The initial studies of growth factor supplementation of culture media are limited mostly to animal models, but have largely revealed improved blastocyst development rates, increased implantation, and birth rates. The use of growth factor supplementation in human culture media has been limited as it is costly to produce and there are concerns about adverse effects. Most growth factors are anti‐apoptotic, that is, they inhibit programmed cell death. If not controlled, adverse effects may occur as apoptosis is a crucial phenomenon in embryogenesis. Early studies on human embryos revealed that those cultured in GM‐CS‐supplemented culture media had more viable inner cell mass and reduced apoptosis. This could potentially contribute to improved fetal viability. Supplementation of culture media with GM‐CSF is reported to be safe for human embryos, there are no increases or changes in ploidy rates or embryonic chromosomes. Furthermore, initial RCTs in women have revealed an improvement in the clinical pregnancy and live birth rates in those randomised to culture of their embryos in GM‐CSF supplemented culture media.

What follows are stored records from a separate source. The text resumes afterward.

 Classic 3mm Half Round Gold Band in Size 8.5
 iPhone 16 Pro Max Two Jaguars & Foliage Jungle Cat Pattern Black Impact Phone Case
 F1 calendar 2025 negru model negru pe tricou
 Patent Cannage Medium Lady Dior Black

The Cost of Using GM-CSF in IVF

Using GM‐CSF can carry an additional cost to women undergoing IVF. GM‐CSF‐supplemented culture media is widely commercially available and is being offered to women undergoing ART worldwide. It is often considered an 'add‐on' or supplementary therapy given alongside standard IVF in an attempt to improve success rates. There is currently no up to date systematic review of RCTs on this topic, and the one published systematic review relied on non‐randomised studies, and studies where oocytes rather than women were randomised. The available RCTs were small with differing results and did not offer certainty on what should be done in practice.

Review of RCTs on GM-CSF

We will include all published and unpublished RCTs. We will include cross‐over studies for completeness, but pool only data from the first phase in meta‐analyses because this design of study is not valid in the context of infertility trials. We will exclude quasi and pseudo‐randomised trials. Women undergoing IVF or intracytoplasmic sperm injection (ICSI), for any cause of infertility, using autologous or donor oocytes. Miscarriage per woman randomised. Where possible, the definition we will use is miscarriage of clinical pregnancy. Clinical pregnancy per woman randomised, defined as presence on ultrasound scan of one or more gestational sacs, or definitive signs of clinical pregnancy. It includes ectopic pregnancy.

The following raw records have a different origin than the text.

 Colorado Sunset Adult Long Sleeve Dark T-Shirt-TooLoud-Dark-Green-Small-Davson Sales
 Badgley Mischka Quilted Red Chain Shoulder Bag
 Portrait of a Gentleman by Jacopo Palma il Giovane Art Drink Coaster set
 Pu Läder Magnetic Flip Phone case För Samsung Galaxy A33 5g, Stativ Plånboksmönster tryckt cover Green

Search Strategies for Databases

We will design search strategies for the following databases: the Gynaecology and Fertility Group Specialised Register of Controlled Trials, Cochrane Central Register of Controlled Trials (CENTRAL), MEDLINE Ovid, Embase Ovid, and CINAHL EBSCO. The MEDLINE search will be combined with the Cochrane highly sensitive search strategy for identifying randomised trials which appears in the Cochrane Handbook for Systematic Reviews of Interventions (Higgins 2019; Section 4.3.1). trial registers for ongoing and registered trials: ClinicalTrials.gov (www.clinicaltrials.gov) and the World Health Organization International Trials Registry Platform search portal (apps.who.int/trialsearch/Default.aspx). DARE (Database of Abstracts of Reviews of Effects) on the Cochrane Library (onlinelibrary.wiley.com/o/cochrane/cochranecldarearticles_fs.htm). Web of Knowledge (wokinfo.com). OpenGrey (www.opengrey.eu/) for unpublished literature from Europe. LILACS database (lilacs.bvsalud.org/en/). PubMed and Google Scholar (for recent trials not yet indexed in the major databases).

Independent Assessment of Studies

Two review authors will independently assess eligibility of all studies identified by the search utilising Covidence (Covidence). We will retrieve the full‐test publications of potentially eligible studies. We will screen the full texts to identify studies for inclusion and record reasons for exclusion in the 'Characteristics of excluded studies' table. Two review authors will independently extract data on study characteristics and primary and secondary outcomes from eligible studies using a data extraction form designed and piloted by the review authors. We will resolve any disagreements or discrepancies by discussion. Where studies have multiple publications, we will use the main trial report as the reference and obtain additional details from secondary papers which will appear as subreferences. We will correspond with study investigators for further information on study methods and results, as required.

Methodological Quality and Data Extraction

Two review authors will independently assess the included studies for methodological quality and undertake data extraction according to the Cochrane 'Risk of bias' assessment tool (Higgins 2011). We will assess selection bias (random sequence generation and allocation concealment), attrition bias (incomplete outcome data), reporting bias (selective reporting), performance bias (blinding of participants and personnel), detection bias (blinding of outcome assessors), and other biases (other problems that could put a trial at high risk of bias). We will present and describe all our judgements in the 'Risk of bias' table.

Statistical Analysis

We will summarise the effects and adverse events related to the intervention as odds ratios (ORs) using a fixed‐effect model. We will present 95% confidence intervals (CIs) for all outcomes to evaluate the precision of the estimate. Will consider the clinical relevance of the results from the meta‐analysis of each comparison, taking into account the precision of the estimate. When adding data from individual studies to comparisons, we will consider whether the rates of events in both the intervention and control arm reflect current practice. The denominator for all outcomes will be the number of women randomised. We will count multiple births (e.g.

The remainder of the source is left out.